▶ Task objective
Transcribe word for word the lines below from the line with "モンスター!モンスター!TR" through the line with "12 листов мультфильм", ends included.

** Input data follows **

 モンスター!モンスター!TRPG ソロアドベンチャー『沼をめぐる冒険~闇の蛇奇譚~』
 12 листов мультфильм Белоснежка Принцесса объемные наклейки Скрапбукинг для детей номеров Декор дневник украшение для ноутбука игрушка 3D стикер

** End of Input data **
** Input data follows **

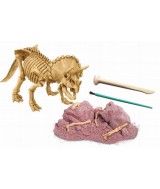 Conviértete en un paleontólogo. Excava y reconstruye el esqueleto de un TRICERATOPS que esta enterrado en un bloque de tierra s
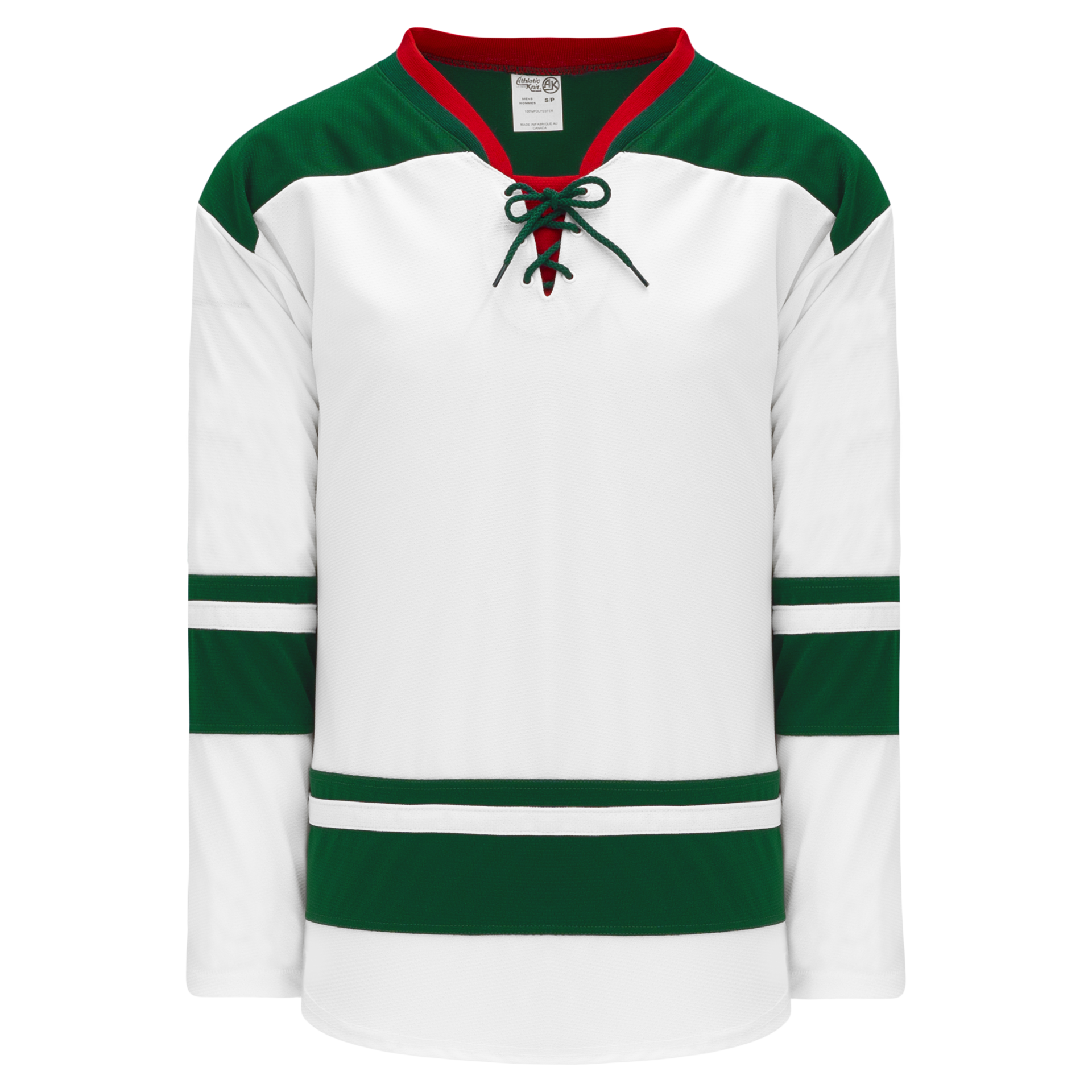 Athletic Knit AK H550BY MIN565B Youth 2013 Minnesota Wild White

** End of Input data **

▶ Exercise answer
 モンスター!モンスター!TRPG ソロアドベンチャー『沼をめぐる冒険~闇の蛇奇譚~』
 12 листов мультфильм Белоснежка Принцесса объемные наклейки Скрапбукинг для детей номеров Декор дневник украшение для ноутбука игрушка 3D стикер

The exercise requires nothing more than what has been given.